Additives may also be necessary in the amplification of long target sequences: DMSO often helps in amplifying products of >1kb. Formamide can apparently dramatically improve the specificity of PCR (Sarkar et al., 1990), while glycerol improves the amplification of high (G+C) templates (Smith et al., 1990).

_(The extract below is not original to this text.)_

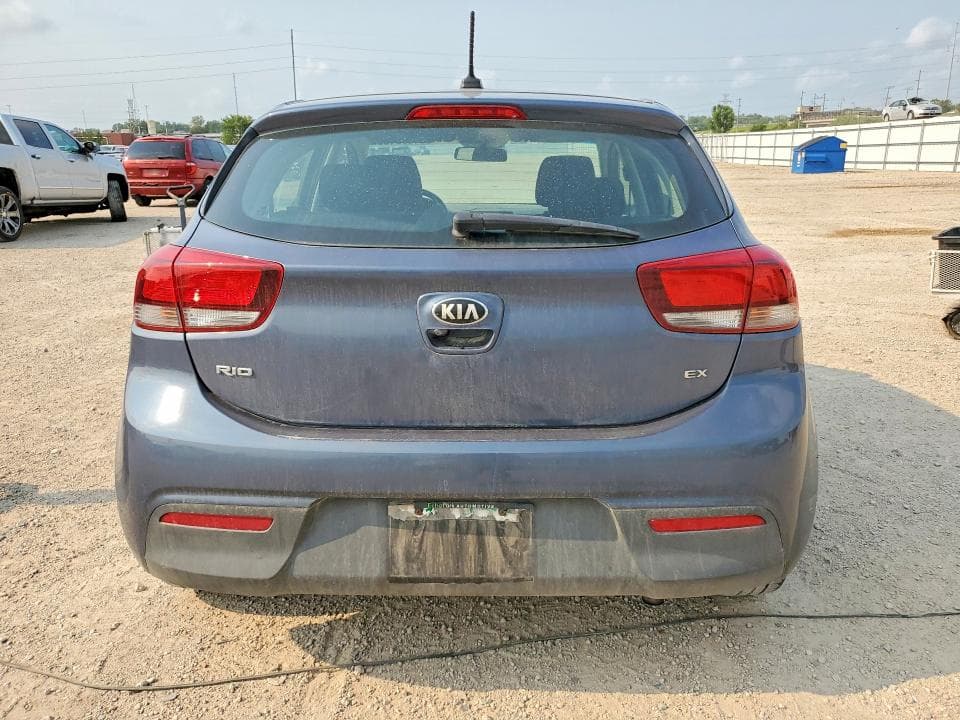 2018 KIA RIO EX 6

Polyethylene glycol (PEG) may be a useful additive when DNA template concentration is very low: it promotes macromolecular association by solvent exclusion, meaning the pol can find the DNA.
cDNA PCR
A very useful primer for cDNA synthesis and cDNA PCR comes from a sequencing strategy described by Thweatt et al. (1990): this utilised a mixture of three 21-mer primers consisting of 20 T residues with 3'-terminal A, G or C, respectively, to sequence inside the poly(A) region of cDNA clones of mRNA from eukaryotic origin. I have used it to amplify discrete bands from a variety of poly(A)+ virus RNAs, with only a single specific degenerate primer upstream: the T-primer may anneal anywhere in the poly(A) region, but only molecules which anneal at the beginning of the poly(A) tail, and whose 3'-most base is complementary to the base next to the beginning of the tail, will be extended.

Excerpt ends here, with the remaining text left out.